Material for this task ▸
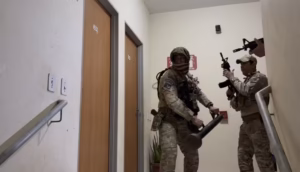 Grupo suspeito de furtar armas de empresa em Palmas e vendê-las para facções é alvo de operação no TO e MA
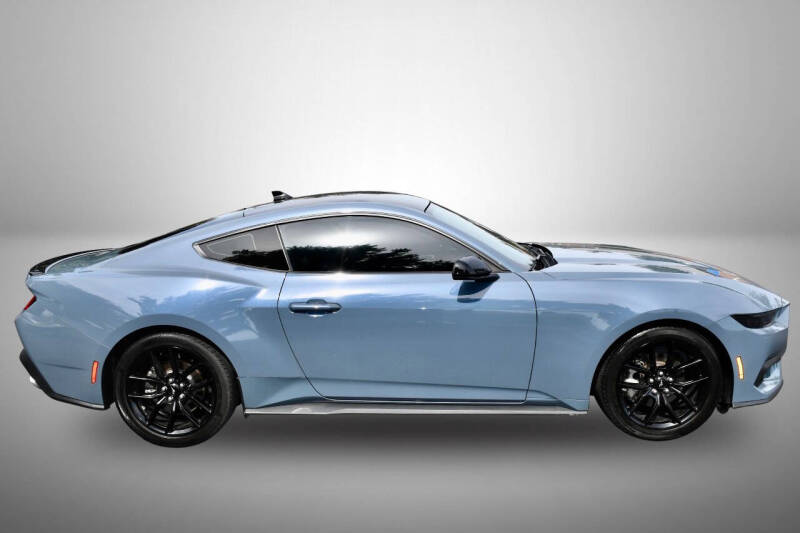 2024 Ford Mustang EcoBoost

---

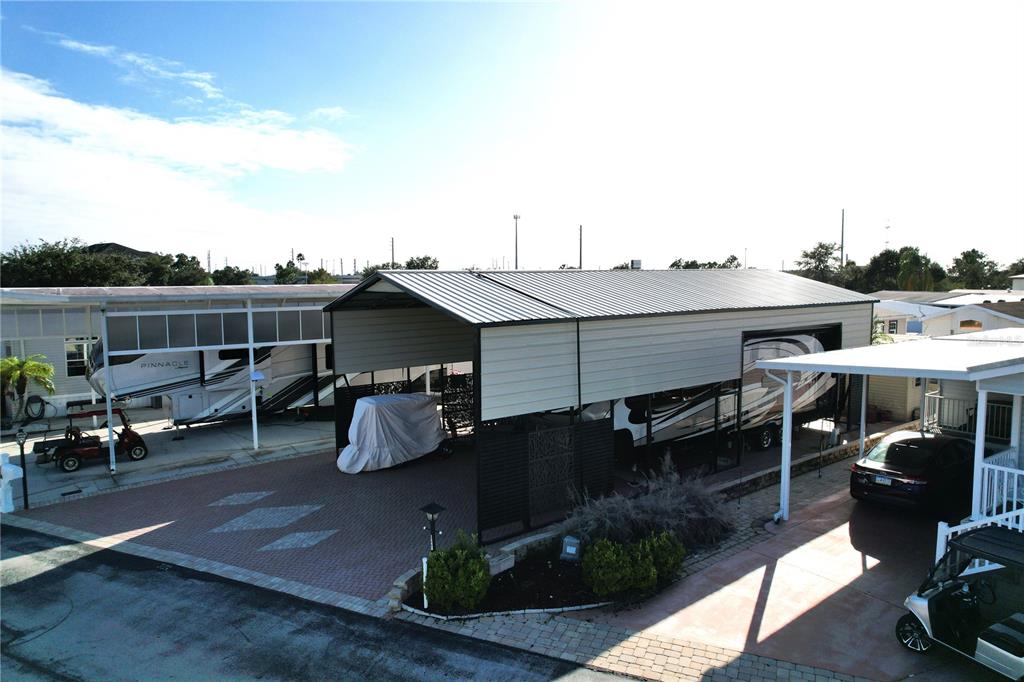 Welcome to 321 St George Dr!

Work order ▸ Given the entries above, transcribe exactly the lines from the one holding "Grupo suspeito de" through the one holding "2024 Ford Mustang EcoBoost"; pictures do not belong in the transcription.

Output below ▸
 Grupo suspeito de furtar armas de empresa em Palmas e vendê-las para facções é alvo de operação no TO e MA
 2024 Ford Mustang EcoBoost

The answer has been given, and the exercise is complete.